L'opposante éthiopienne Birtukan Mideksa, emprisonnée depuis deux ans, a été graciée mercredi et a regagné son foyer à Addis Abeba, après avoir «demandé pardon» au premier ministre Meles Zenawi, selon les autorités.

Mme Birtukan, 36 ans, est une figure charismatique de l'opposition et la présidente de l'Union pour la démocratie et la justice (UDJ).

Déjà incarcérée de 2005 à 2007, celle que certains appellent l'Aung San Suu Kyi éthiopienne en référence à l'opposante birmane et prix Nobel de la paix, était en prison depuis décembre 2008, condamnée à perpétuité.

«C'était très dur en prison», a-t-elle déclaré lors d'un bref entretien avec l'AFP.

«J'ai trouvé très difficile d'être seule tout ce temps. Je suis très heureuse d'avoir été libérée», a ajouté l'opposante, qui a passé l'essentiel de sa détention à la prison de Kaliti, en banlieue d'Addis Abeba, où elle ne pouvait recevoir la visite que de sa mère âgée et de sa fille de quatre ans.
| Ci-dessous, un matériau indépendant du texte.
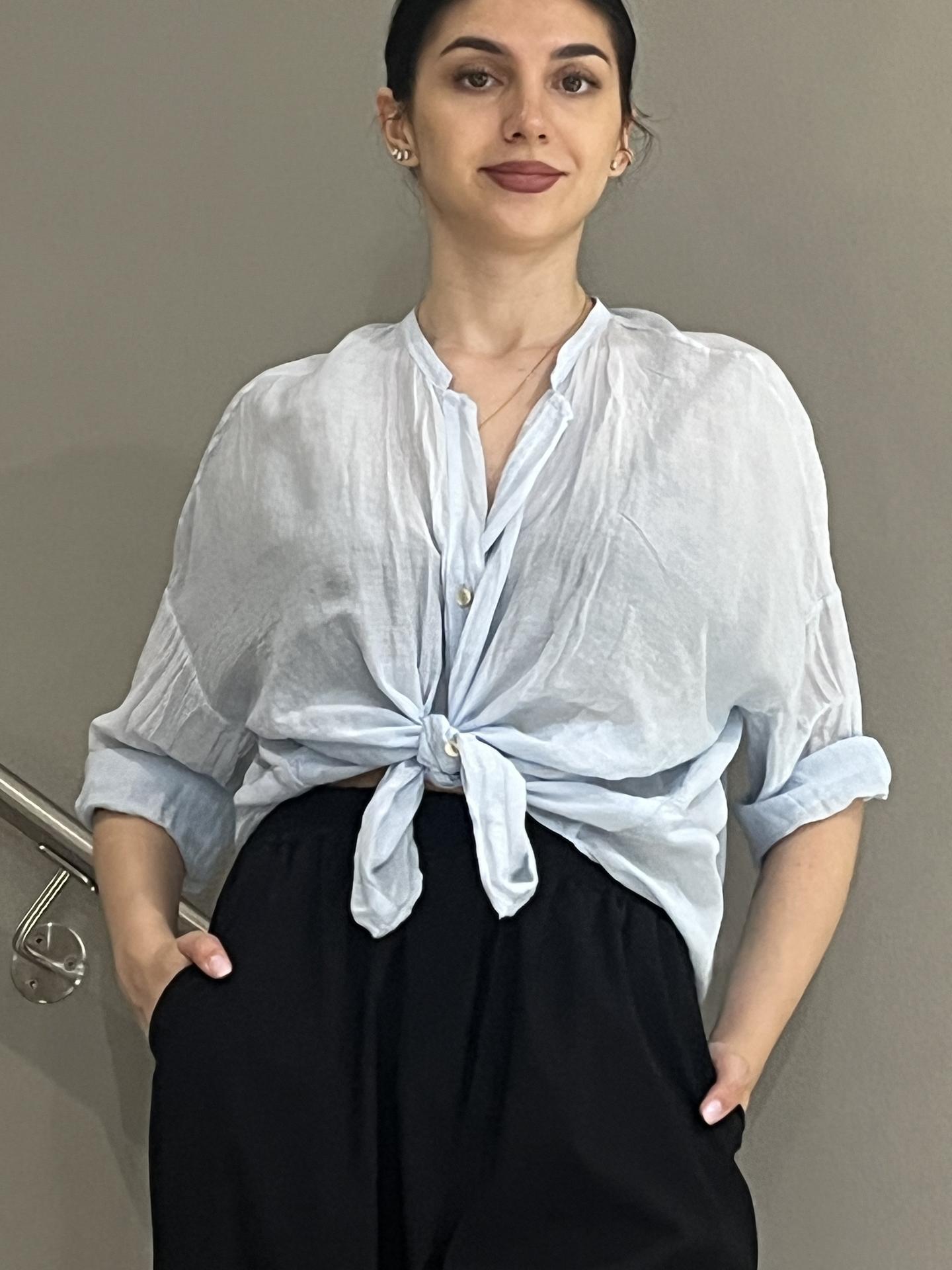CAMICIA TENSIONE IN FIRENZE S25CB38 AZZURRO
«Elle vient d'être libérée. Elle est rentrée chez elle», avait indiqué peu auparavant à l'AFP le secrétaire d'État à la communication Shimeles Kemal.

Dans un communiqué, le ministère de la Justice a expliqué que le président Woldegiorgis «a accordé aujourd'hui son pardon à Birtukan Mideksa suite à une recommandation transmise à son bureau par le Comité fédéral pour les grâces».

«Cette décision est intervenue après une demande formelle soumise par Mme Birtukan au premier ministre Meles Zenawi le 5 septembre», a précisé le ministère.

L'opposante reconnaît dans cette demande avoir menti en déclarant n'avoir pas demandé pardon aux autorités, notamment lors de séjours à l'étranger, ce qui avait justifié pour le gouvernement sa nouvelle incarcération en décembre 2008, a affirmé le ministère.

Mme Birtukan avait été incarcérée en 2005 sous l'accusation de «complot contre la Constitution», à la suite de manifestations violemment réprimées qui avaient suivi la contestation des résultats de l'élection remportée cette année-là par le pouvoir, et qui avaient fait près de 200 morts.

Elle avait été libérée en juillet 2007 en même temps que plusieurs dizaines d'opposants, après avoir bénéficié d'une grâce collective.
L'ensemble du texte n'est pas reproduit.